Aim of the exercise
Within the listing below, please copy exactly the lines between the line holding "jornalista-cha" and the line holding "5423 E Howard City-edmore Property Photo 37", inclusive.

Exercise materials

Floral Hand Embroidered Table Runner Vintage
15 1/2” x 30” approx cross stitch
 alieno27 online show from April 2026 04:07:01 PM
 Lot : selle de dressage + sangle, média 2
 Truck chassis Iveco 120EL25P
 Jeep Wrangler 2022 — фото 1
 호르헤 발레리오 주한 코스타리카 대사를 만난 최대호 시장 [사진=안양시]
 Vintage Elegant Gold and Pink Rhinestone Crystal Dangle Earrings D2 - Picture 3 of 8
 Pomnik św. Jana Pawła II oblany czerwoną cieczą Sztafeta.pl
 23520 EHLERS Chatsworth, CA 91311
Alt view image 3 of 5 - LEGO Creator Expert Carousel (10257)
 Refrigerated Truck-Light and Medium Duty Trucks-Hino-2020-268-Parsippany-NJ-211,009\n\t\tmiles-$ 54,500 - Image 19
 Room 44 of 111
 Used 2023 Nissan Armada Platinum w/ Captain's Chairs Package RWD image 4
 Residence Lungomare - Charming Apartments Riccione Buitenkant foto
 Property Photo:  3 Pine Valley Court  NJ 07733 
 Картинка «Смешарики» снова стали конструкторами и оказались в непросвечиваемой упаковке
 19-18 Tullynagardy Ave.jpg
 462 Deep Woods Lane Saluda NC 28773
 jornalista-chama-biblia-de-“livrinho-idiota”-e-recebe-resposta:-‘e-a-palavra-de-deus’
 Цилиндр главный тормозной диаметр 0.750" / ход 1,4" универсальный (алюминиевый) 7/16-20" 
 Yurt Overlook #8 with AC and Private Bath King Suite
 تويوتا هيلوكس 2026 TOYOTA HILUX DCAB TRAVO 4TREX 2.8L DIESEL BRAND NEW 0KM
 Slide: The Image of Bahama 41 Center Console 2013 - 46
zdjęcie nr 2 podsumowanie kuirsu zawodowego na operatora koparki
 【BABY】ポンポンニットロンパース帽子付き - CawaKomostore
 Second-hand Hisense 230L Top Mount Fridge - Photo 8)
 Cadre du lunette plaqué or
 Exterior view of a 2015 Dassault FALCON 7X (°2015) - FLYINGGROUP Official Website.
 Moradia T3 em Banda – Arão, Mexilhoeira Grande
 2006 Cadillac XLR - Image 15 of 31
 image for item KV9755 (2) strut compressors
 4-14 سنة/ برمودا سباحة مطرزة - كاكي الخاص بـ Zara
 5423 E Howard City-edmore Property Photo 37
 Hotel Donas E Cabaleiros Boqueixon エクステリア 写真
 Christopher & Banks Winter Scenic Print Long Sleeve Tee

Written answer
 jornalista-chama-biblia-de-“livrinho-idiota”-e-recebe-resposta:-‘e-a-palavra-de-deus’
 Цилиндр главный тормозной диаметр 0.750" / ход 1,4" универсальный (алюминиевый) 7/16-20" 
 Yurt Overlook #8 with AC and Private Bath King Suite
 تويوتا هيلوكس 2026 TOYOTA HILUX DCAB TRAVO 4TREX 2.8L DIESEL BRAND NEW 0KM
 Slide: The Image of Bahama 41 Center Console 2013 - 46
zdjęcie nr 2 podsumowanie kuirsu zawodowego na operatora koparki
 【BABY】ポンポンニットロンパース帽子付き - CawaKomostore
 Second-hand Hisense 230L Top Mount Fridge - Photo 8)
 Cadre du lunette plaqué or
 Exterior view of a 2015 Dassault FALCON 7X (°2015) - FLYINGGROUP Official Website.
 Moradia T3 em Banda – Arão, Mexilhoeira Grande
 2006 Cadillac XLR - Image 15 of 31
 image for item KV9755 (2) strut compressors
 4-14 سنة/ برمودا سباحة مطرزة - كاكي الخاص بـ Zara
 5423 E Howard City-edmore Property Photo 37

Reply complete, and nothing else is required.